◆ Activity ◆
Reproduce the entries word for word, and omit any picture you find in them.

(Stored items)
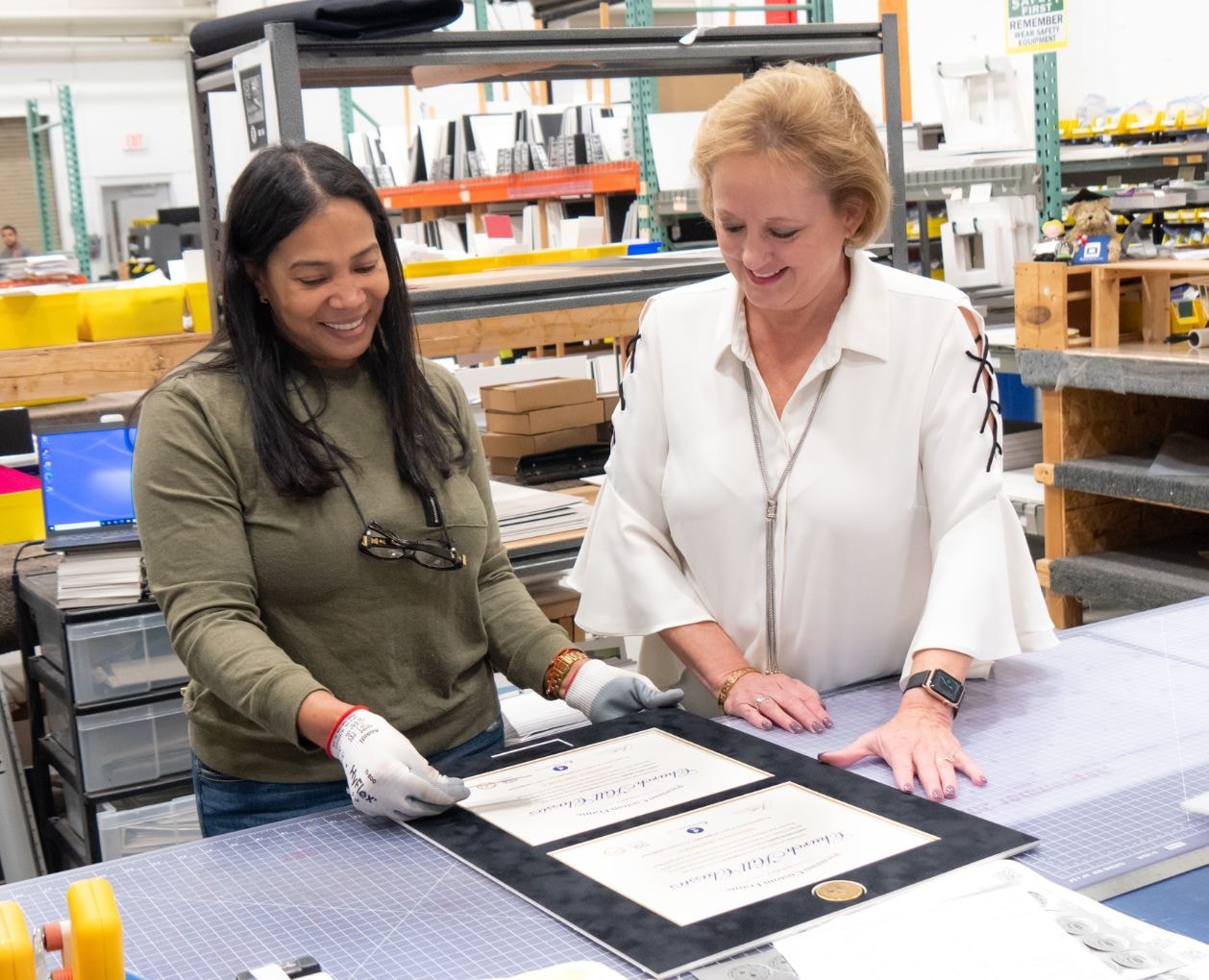 Lucie and employee working on double diploma frame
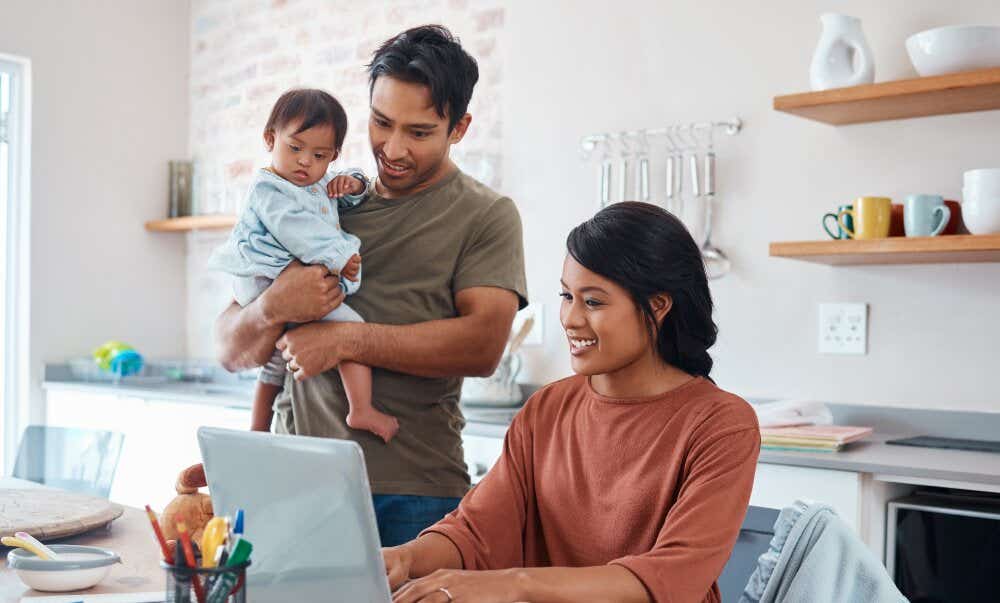 An image of a couple with their young child researching together at home on a laptop.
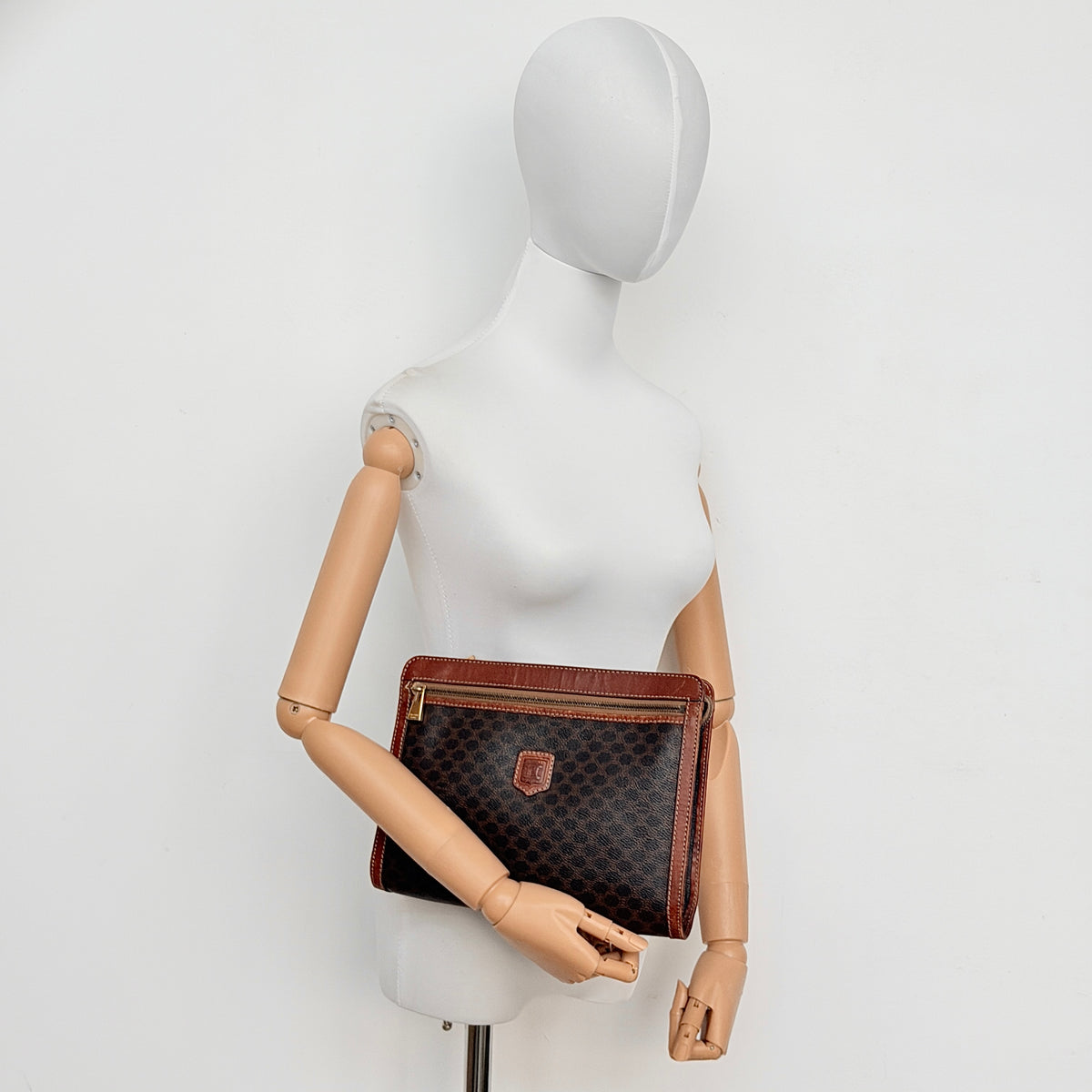 Celine Triomphe Macadam clutch bag in brown canvas with tan leather trim and gold hardware, shown with wrist strap.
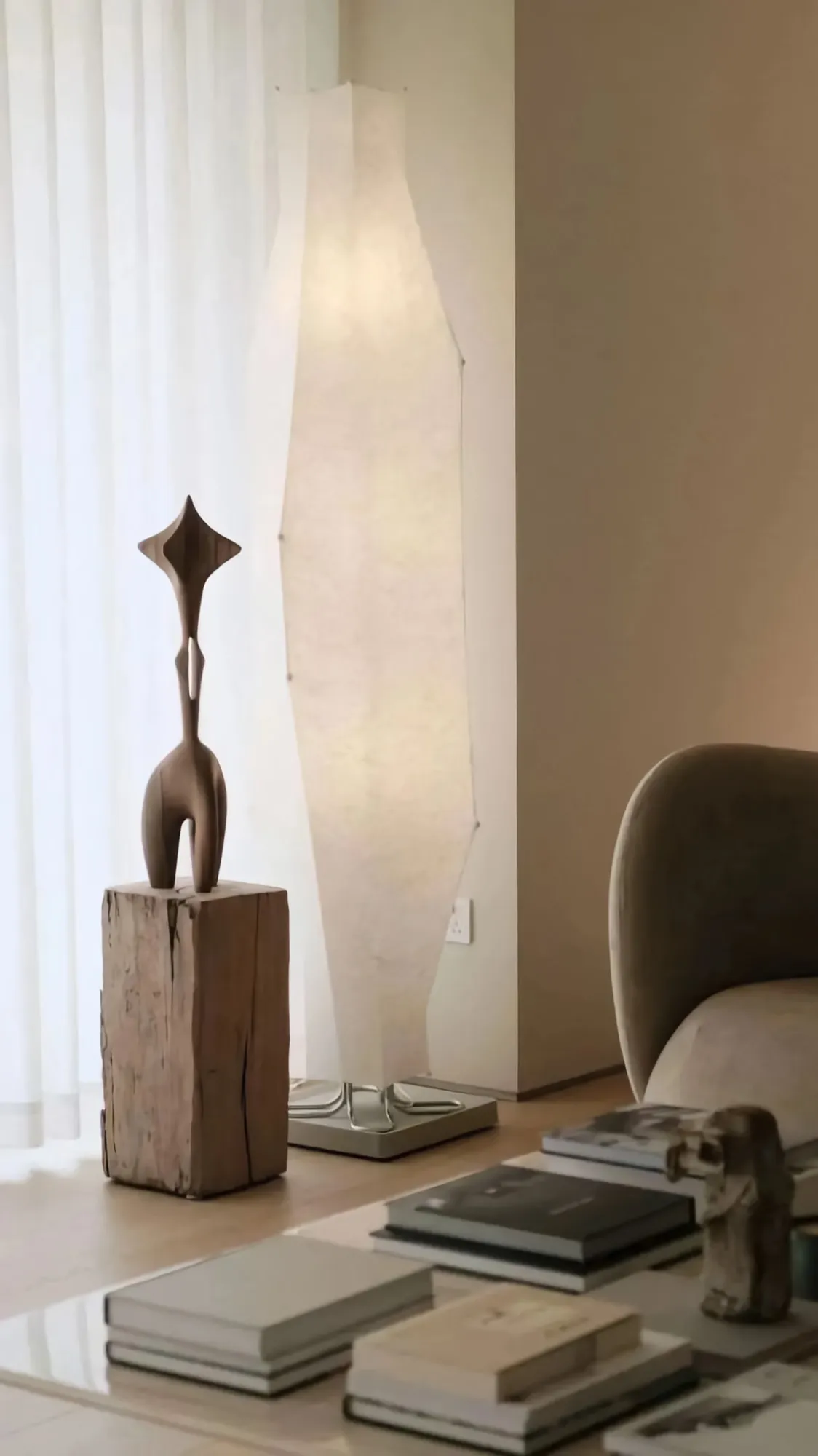 A modern living room with a wooden sculpture on a wooden pedestal, soft lighting, and minimalist decor.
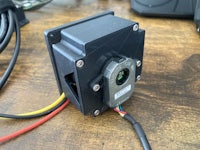 a small camera attached to a wooden table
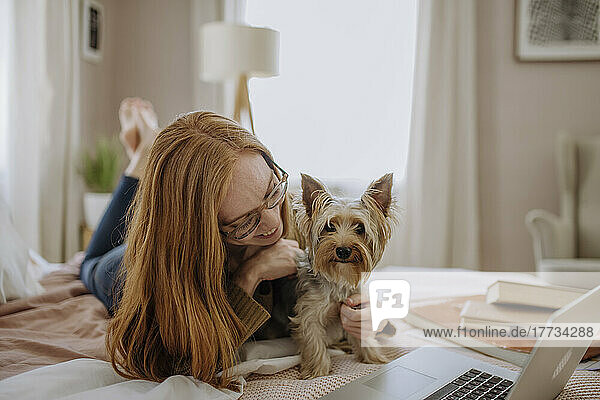 Smiling woman playing with pet dog lying on bed at home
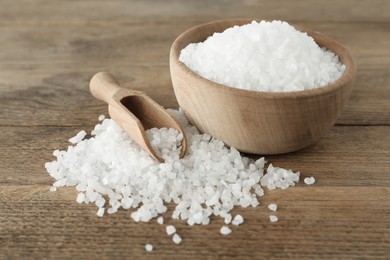 Natural sea salt, bowl and scoop on wooden table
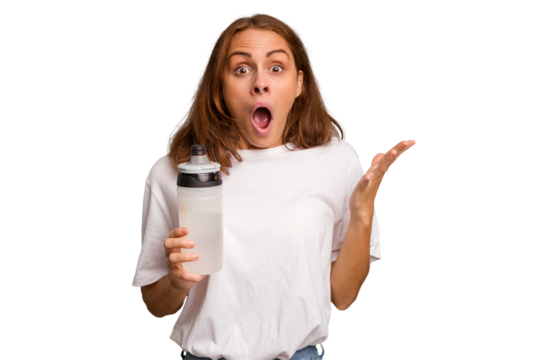 Young caucasian sport woman holding a bottle of water isolated surprised and shocked. - Powered by Adobe
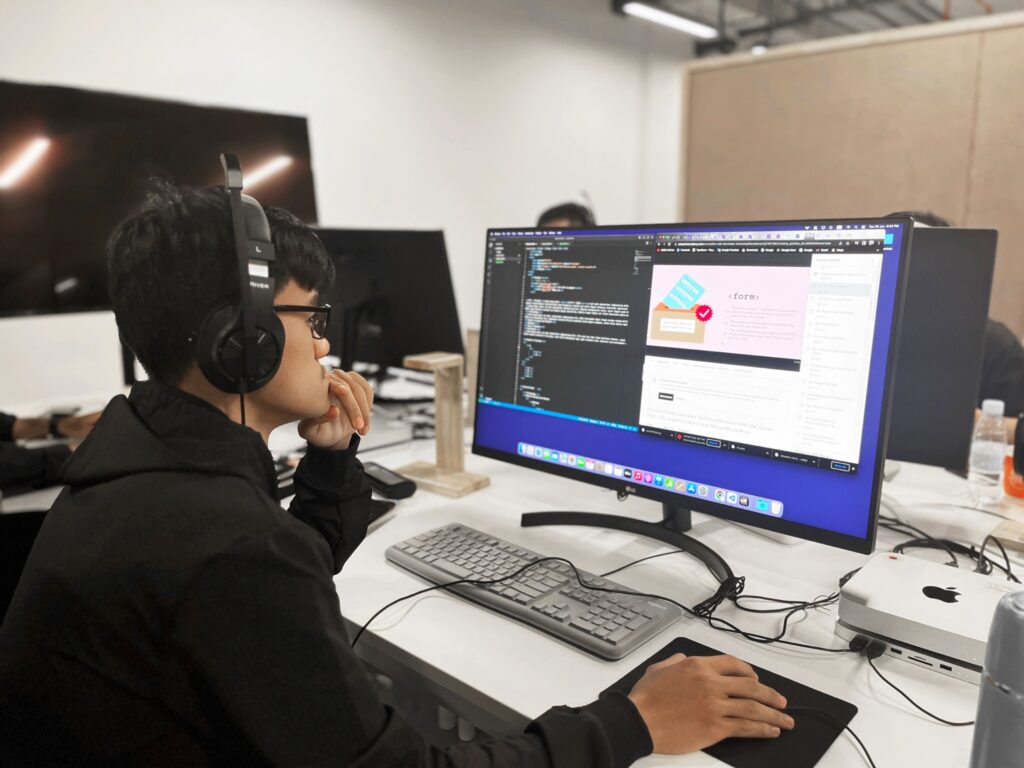 Student working on code at Above & Beyond School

◆ Answer space ◆
 Lucie and employee working on double diploma frame
 An image of a couple with their young child researching together at home on a laptop.
 Celine Triomphe Macadam clutch bag in brown canvas with tan leather trim and gold hardware, shown with wrist strap.
 A modern living room with a wooden sculpture on a wooden pedestal, soft lighting, and minimalist decor.
 a small camera attached to a wooden table
 Smiling woman playing with pet dog lying on bed at home
 Natural sea salt, bowl and scoop on wooden table
 Young caucasian sport woman holding a bottle of water isolated surprised and shocked. - Powered by Adobe
 Student working on code at Above & Beyond School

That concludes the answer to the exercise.